Perhaps even The Machine Intelligence Research Institute (MIRI) could benefit from more measurement. The trouble is that it's working on a problem (making sure that advanced artificial intelligence goes well for humanity) that's so distant, it's difficult to get feedback. But they still potentially could assess the success or failures of their attempt to influence the AI community and they still could try to solicit more external reviews of their work from independent AI experts. I'm not close enough to MIRI to know whether these would be good or bad ideas, but it seems plausible at first glance that even MIRI could be better measured.
And it wouldn't be too difficult to expand this to other areas. For example, I think GiveWell's tracking of money moved is reliable enough and their commitment to self-evaluation (and external review) strong enough that I would strongly consider funding them before any of their top charities, if they ever had any room for more funding (which they currently do not and urge you to donate to their top charities instead). Effective Animal Activism could do the same and I think have even higher success, because I think it's moderately likely that if someone starts donating to animal charities after joining EAA, there are few other things that could have influenced them.
Of course, these forms of measurement have their problems, and no measurement -- even two dozen RCTs -- will be perfect. But some level of feedback and measurement is incredibly necessary to avoid our own biases and failures in naïve estimation.
The Proven and The Promising: My Current Donation Strategy
My current donation strategy is to separate organizations into three categories: proven, promising, and not promising.
Proven organizations are the ones that I talked about earlier -- AMF, GiveDirectly, and SCI.
Promising organizations are organizations I think have a hope of becoming proven, someday. They're organizations practicing interventions that intuitively seem like they would have high upside (like 80K Hours in getting people into better careers and The Humane League in persuading a bunch of people to become vegetarian), have a good commitment to transparency and self-measurement (The Humane League shines here), and have opportunities for additional money to be converted into additional information on their impact.

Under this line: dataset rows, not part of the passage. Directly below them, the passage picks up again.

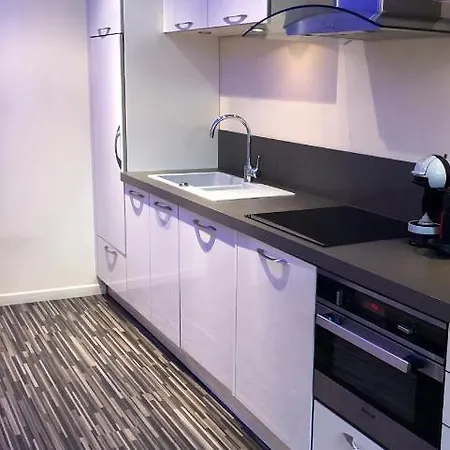 Saint Denis Maison 1 * לה מאנש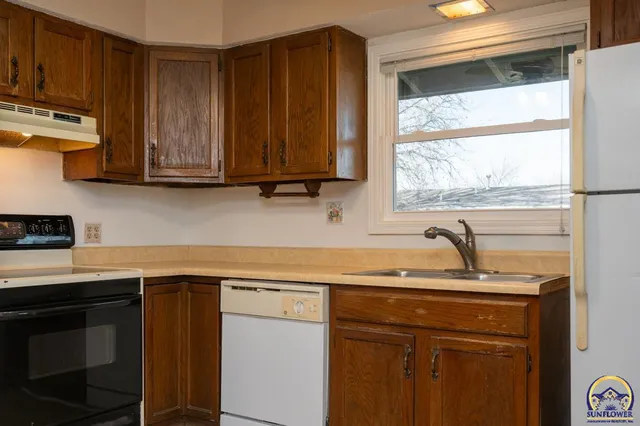 $99,500 | 7130 Southwest Lario Lane, Topeka, KS 66619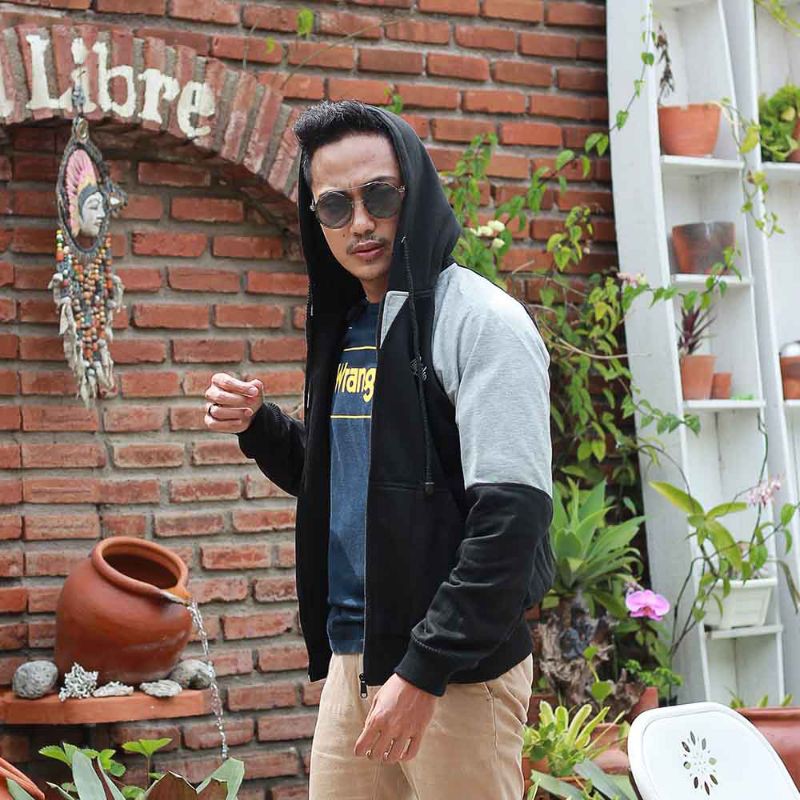 Windbreaker Jaket Pria / Sweater Casual Hoodie Distro Original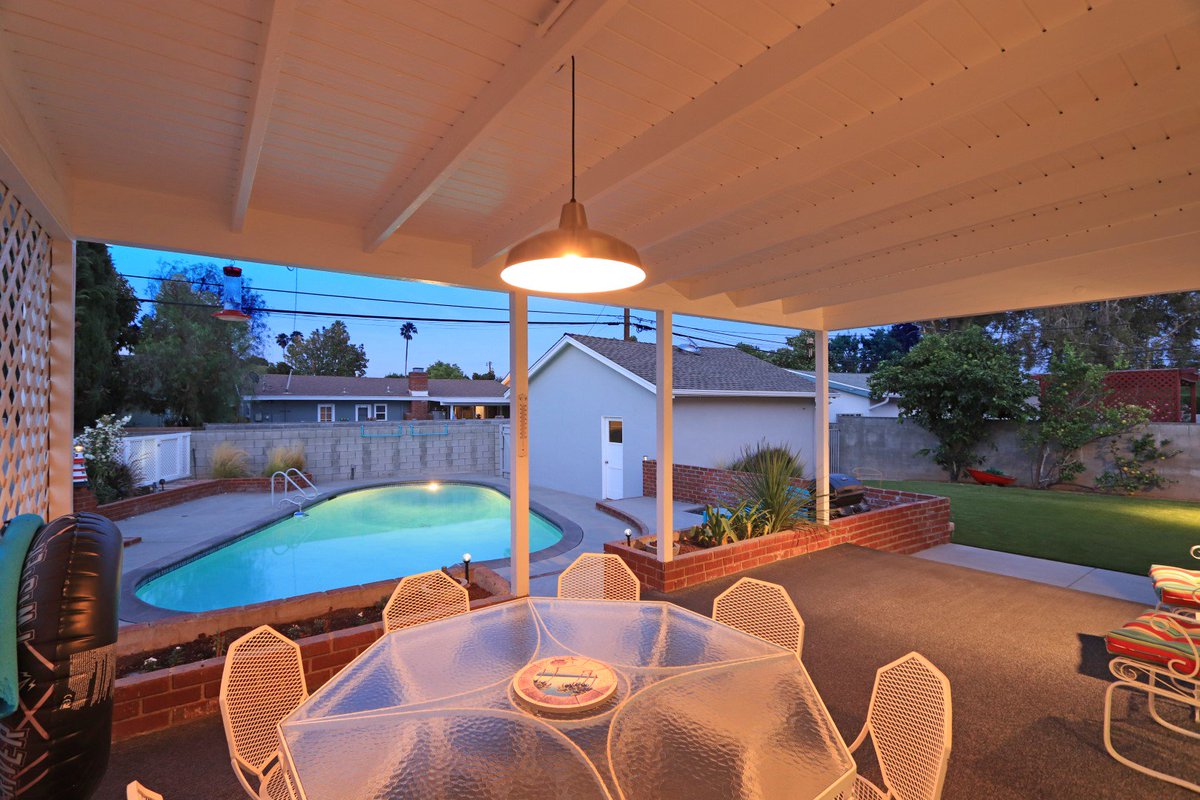 Bfogger's tweet photo. 1055 Hayvenhurst Ave Granada Hills 3+2 Pool Home Just Perfect $589,000.00 #realestate #Fogglisting @TheFoggs @KWburbank #DRE01149065 https://t.co/YdU8oWouWL https://t.co/hsRklSF15U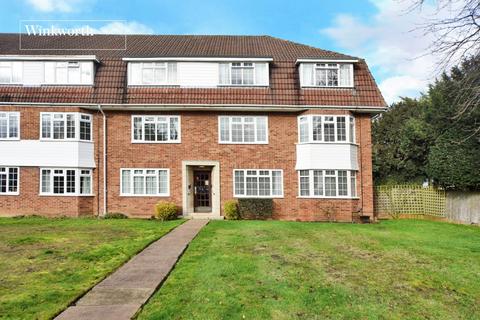 undefined, Hemingford Road, Cheam, Sutton, SM3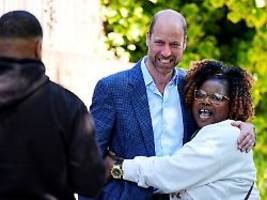 ein prinz zum anfassen: william lässt sich knuddeln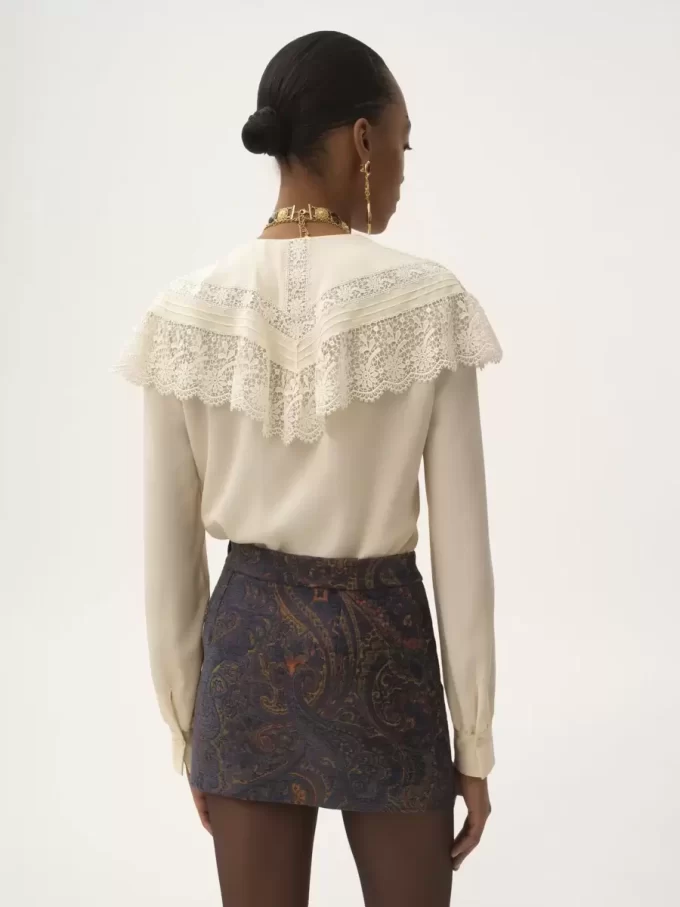 Gathered blouse in crêpe de chine & lace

My goal in donating would be to first ensure the survival of all promising organizations (make sure they have enough funding to stay around) and then try to buy information from promising organizations as much as I can. For example, I'd be interested in funding more studies about vegetarian outreach or making sure 80K has the money they need to hire a new careers advisor.
Once these needs are met, I'll save a fair amount of my donation to meet future needs down the road. But then, I'll spend some on proven organizations to (a) achieve impact, (b) continue the incentive for organizations to want to be proven, and (c) show public support for those organizations and donating in general.
...Now I just need to actually get some more money.
I'd like to thank Jonas Vollmer for having the critical conversation with me that inspired this piece.